Testicular cancer develops in the testicles (testes), the male reproductive glands. The testicles are located in the membranous pouch below the penis (scrotum) and are suspended from the body by the spermatic cord. They produce male reproductive cells (sperm) and testosterone. Testicular cancer is treated successfully in more than 95% of cases.

Testicular cancer does not always produce symptoms. A mass or lump in the testicle is usually the first sign of the disease. The mass may or may not be painful. Other symptoms include testicular swelling, hardness, and a feeling of heaviness or aching in the scrotum or lower abdomen.


Some types of testicular cancer (e.g., choriocarcinoma, Leydig cell tumors, Sertoli cell tumors) produce high levels of hormones (e.g., human chorionic gonadotropin [HCG], estrogen, testosterone). Increased levels of HCG may cause breast tenderness and abnormal growth of breast tissue (gynecomastia). Increased levels of estrogen may cause a loss of sexual desire (libido) and increased levels of testosterone may cause premature growth of facial and body hair in boys.

Testicular cancer that has spread to other organs (metastasized) may cause low back pain, shortness of breath, chest pain, and cough.


The cause of testicular cancer is unknown. One theory suggests that testicular germ cell tumors form when germ cells develop into sperm cells with 46 chromosomes. Normally, germ cells with 46 chromosomes develop into sperm cells with 23 chromosomes (during a process called meiosis).


Treatment for testicular cancer depends on the stage of the disease. Surgery to remove the testicle is sometimes combined with radiation and/or chemotherapy. Some patients choose to store frozen sperm in a sperm bank before treatment to ensure fertility.


Radical inguinal orchiectomy is the surgical removal of the testicle and the spermatic cord through an incision in the groin. Surgery is performed under general or regional anesthesia and requires an overnight stay in the hospital.

If CT scanning indicates that testicular cancer has metastasized (spread) to the lymph nodes, retroperitoneal lymph node dissection is often performed. All of the lymph nodes connected to the affected testicle are removed in this procedure. Such dissection is usually done at a later date.

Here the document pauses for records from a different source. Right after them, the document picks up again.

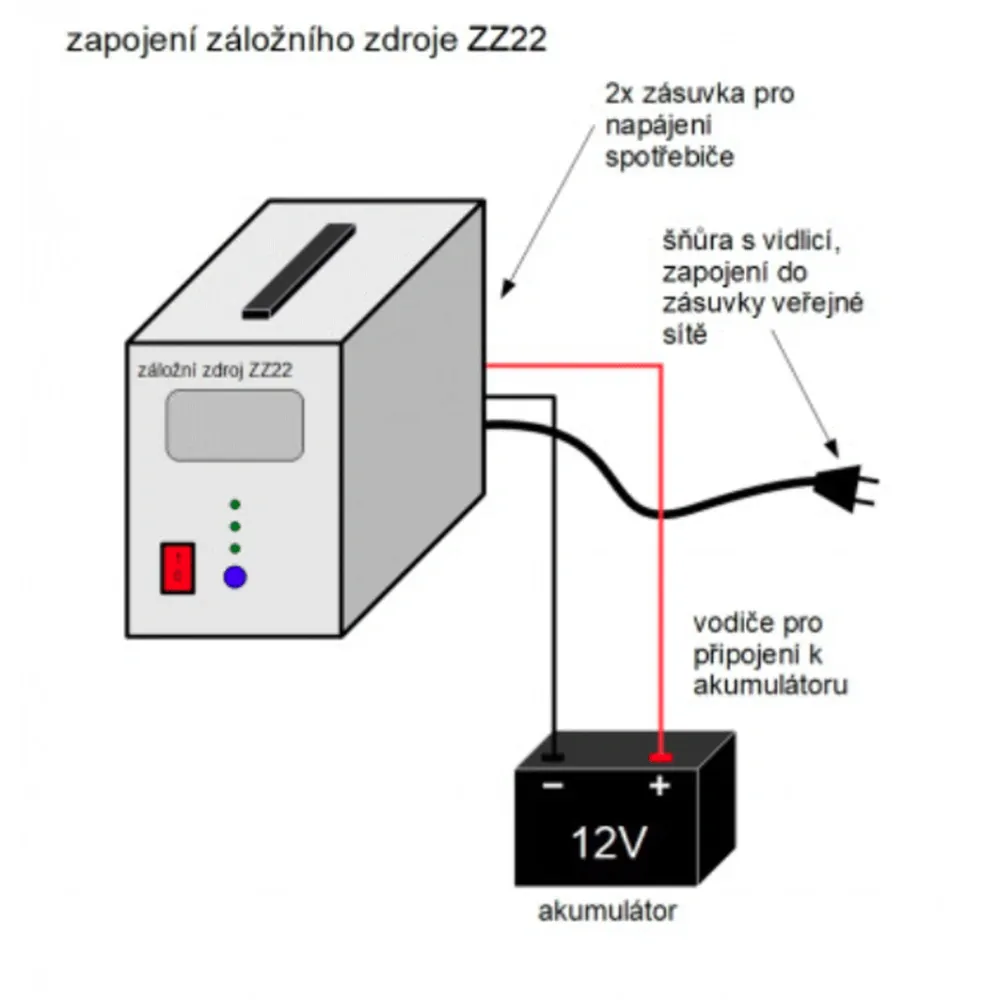 ZZ22 - 500W/ 230V záložní zdroj sinusový, pro aku 12V (na plochu)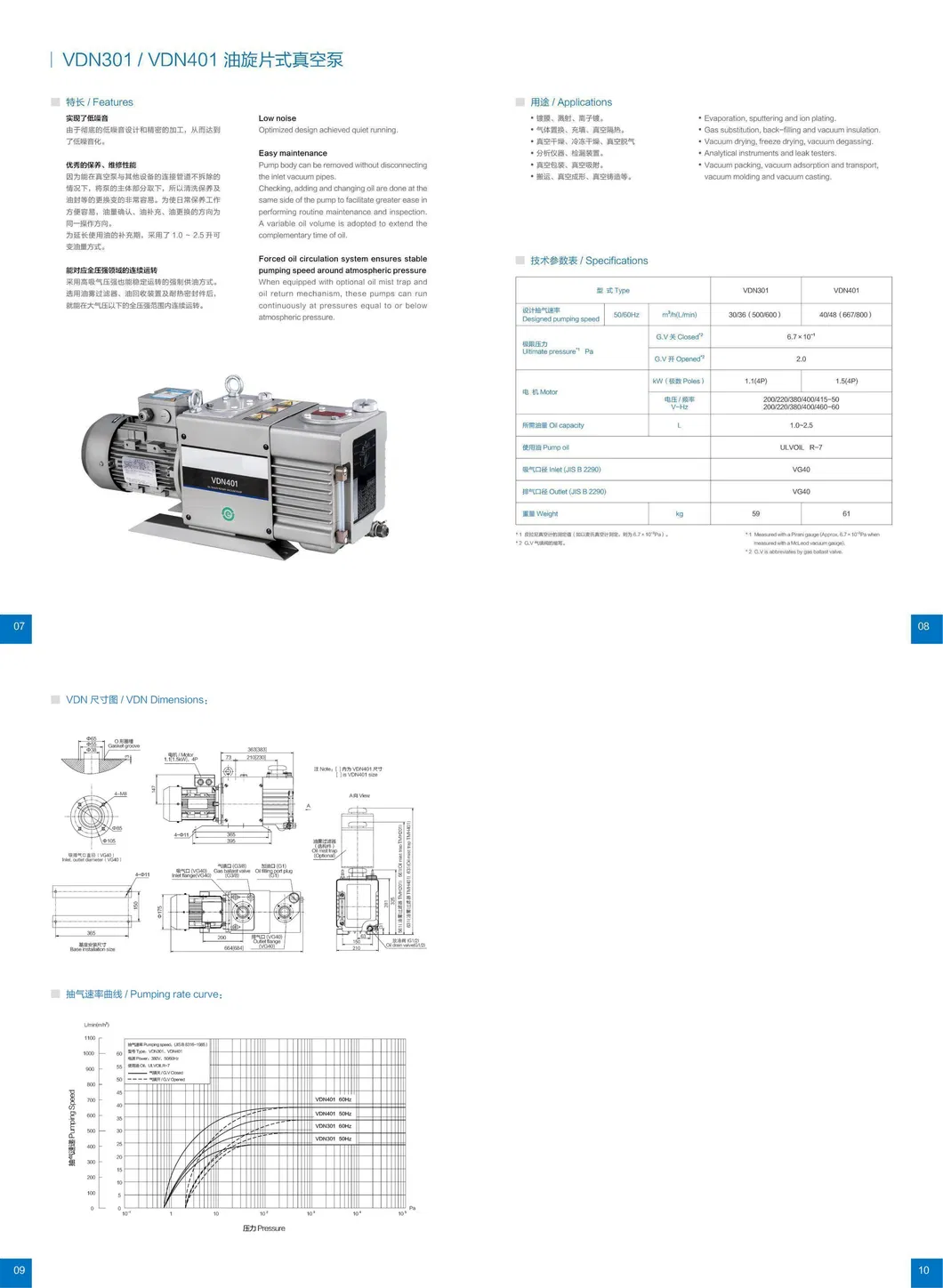 Ulvac Vdn301 Vdn401 Oil Rotary Vane Vacuum Pump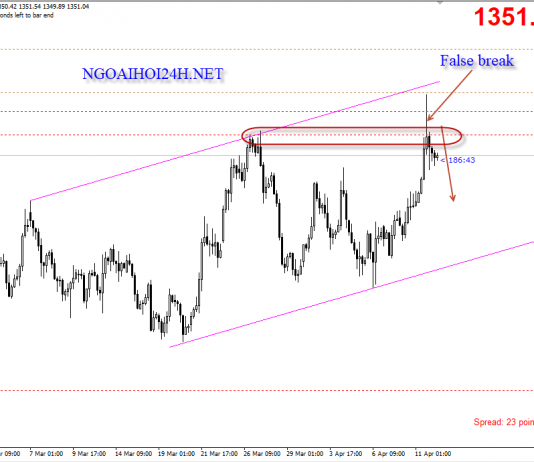 Vàng 12/4 – Vàng có tín hiệu giảm theo False break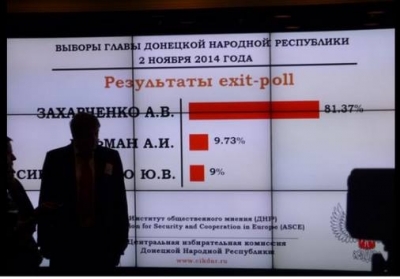 На виборах ДНР проголосували 100,1% виборців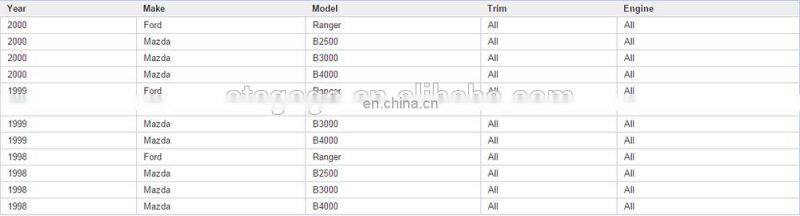 Front Wheel Hub Bearing for F ord Ranger Mazda B2500 B3000 B4000 OEM 515026 538-01461,YL5Z 1104 BA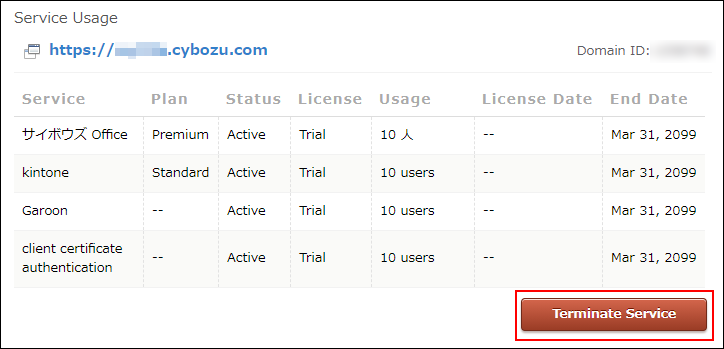 Screenshot: "Terminate Service" is highlighted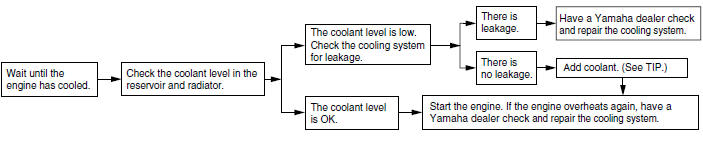 Engine overheating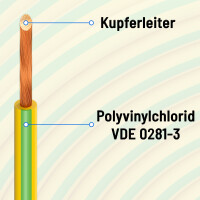 20m Erdungskabel 4mm2 flexibel H07V-K PVC Aderleitung gr&uum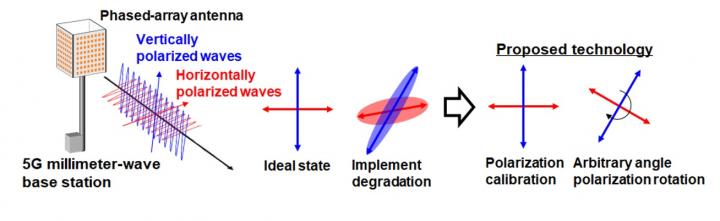 The New Transceiver Is Designed to Limit Signal Degradation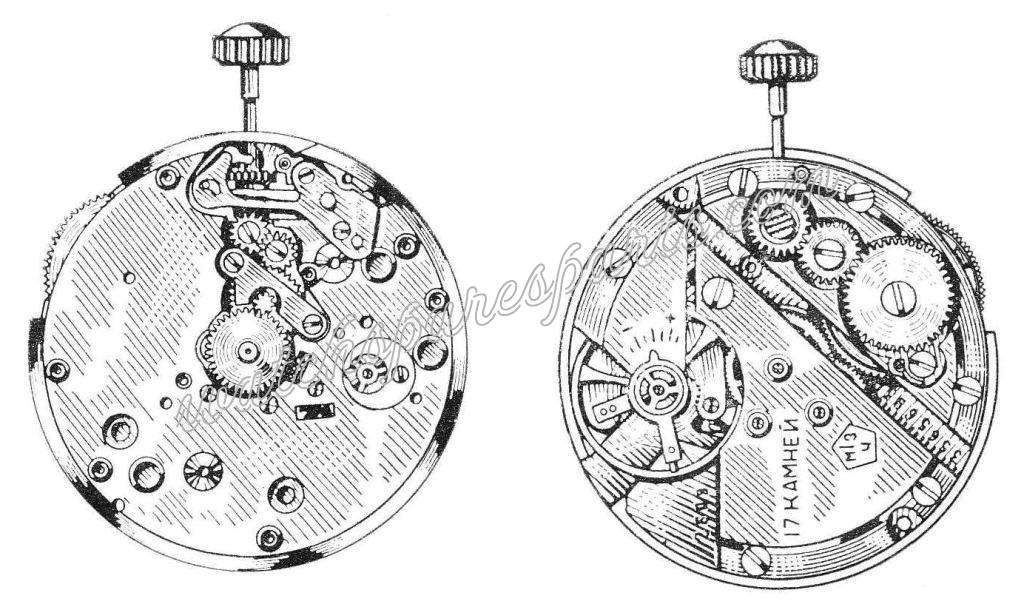 Poljot 2609 Watch Movements Poljot 2609 Watch Movements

Retroperitoneal lymph node dissection is performed under general anesthesia, requires a large incision, and usually takes 4 to 6 hours. Lymph node dissection is done on an inpatient basis in a hospital

Complications associated with surgery include thse following:

  • Adverse reaction to anesthesia
  • Bowel obstruction and inactivity
  • Damage to surrounding organs, blood vessels, and nerves
  • Infection
  • Infertility (caused by nerve damage that results in retrograde ejaculation)
  • Lymphocele

Following surgery, patients are usually encouraged to get up as soon as possible. Pain at the incision site and numbness in the area surrounding the incision are common and pain relievers are often prescribed. Driving and heavy lifting should be avoided for a several weeks.

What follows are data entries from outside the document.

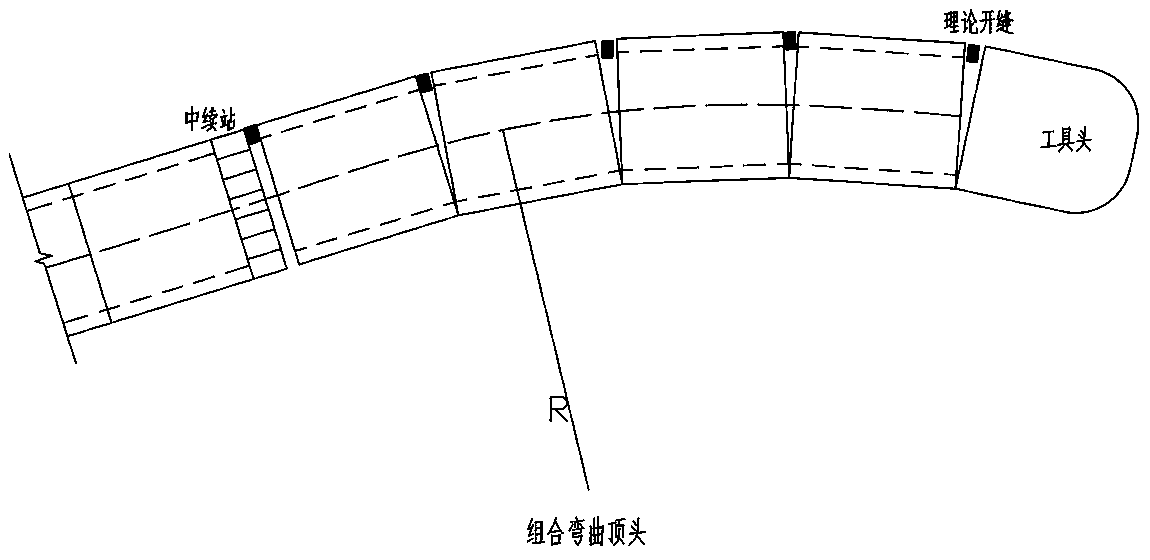 Arc-shaped pipe jacking construction device and construction method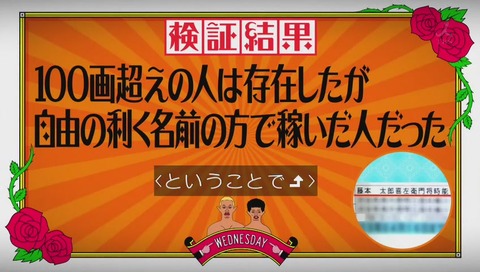 水曜日のダウンタウン「名前の画数 100画超えの人 存在する説」画像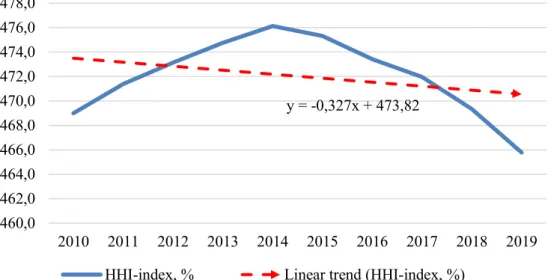 Figure 6: Change in the HHI values of the resident population between 2010 and 2019 in  the Danube Wine Region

Radiation uses high energy x-rays to destroy cancer cells. In testicular seminoma, external beam radiation is primarily used after orchiectomy to destroy cancer cells that have spread (metastasized) to lymph nodes. Testicular seminoma typically requires a lower dose of radiation than other types of cancer. During treatment, a shield is placed over the remaining testicle to preserve fertility.

Side effects of radiation include the following:

  • Diarrhea
  • Fatigue
  • Nausea
  • Skin irritation that resembles sunburn


Chemotherapy is a systemic (i.e., circulates throughout the body via the bloodstream) cancer treatment that uses toxic drugs to destroy cancer cells. In testicular cancer cases, it is used to destroy cancer cells that remain after surgery. Chemotherapy may be administered intravenously (IV), taken in pill form or injected into muscle.

Drugs used alone or in combination to treat testicular cancer include the following:

  • Cisplatin (Platinol®)
  • Vinblastine (Velban®)
  • Bleomycin (Blenoxane®)
  • Cyclophosphamide (Neosar®)
  • Etoposide (Etopophos®)
  • Ifosfamide (Ifex®)

Side effects of chemotherapy are often severe and include gastrointestinal disturbances, low blood count, skin disorders, and neurological disorders.